In the **sales** table, examine the relationship between three columns:
- **btl_price**
- **bottle_qty**
- **total** 

The total column should equal **btl_price** multiplied by **bottle_qty**. 

How many transactions have a value of **total** that is _not equal_ to **btl_price** times **bottle_qty**?
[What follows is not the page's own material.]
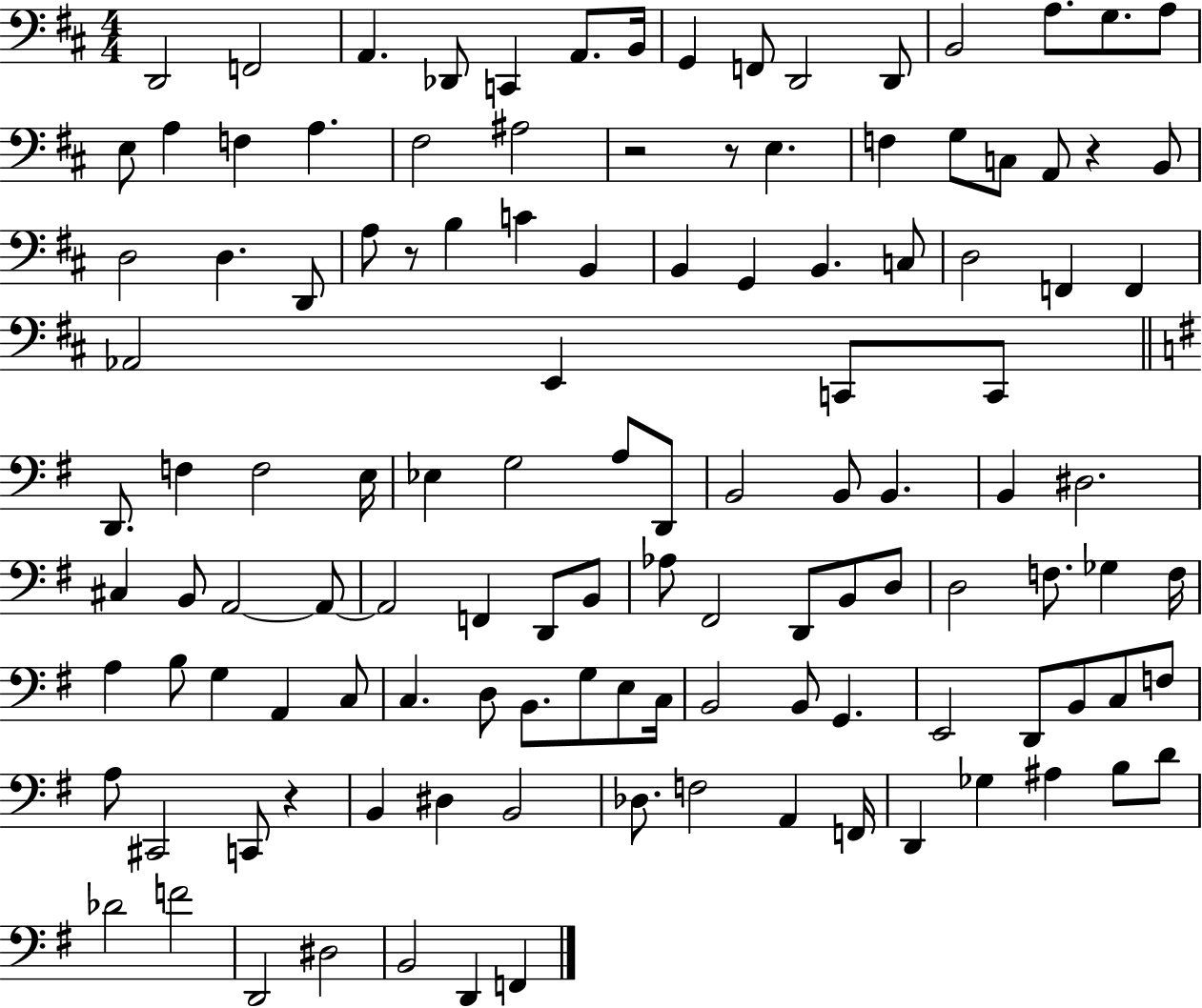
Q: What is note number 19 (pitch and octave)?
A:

Note: You'll need to convert the **total** column to type [**money**](https://www.postgresql.org/docs/current/datatype-money.html) for proper comparison.

In [75]:
# Use a SQL query to find the answer to the above prompt

sql = """
SELECT COUNT(*)
from sales
WHERE total::money != (btl_price * bottle_qty)
"""

pd.read_sql_query(sql, engine)

Unnamed: 0,count
0,0


**Prompt 10 Answer**:

In [None]:
# There are no rows that have descrepancies in price.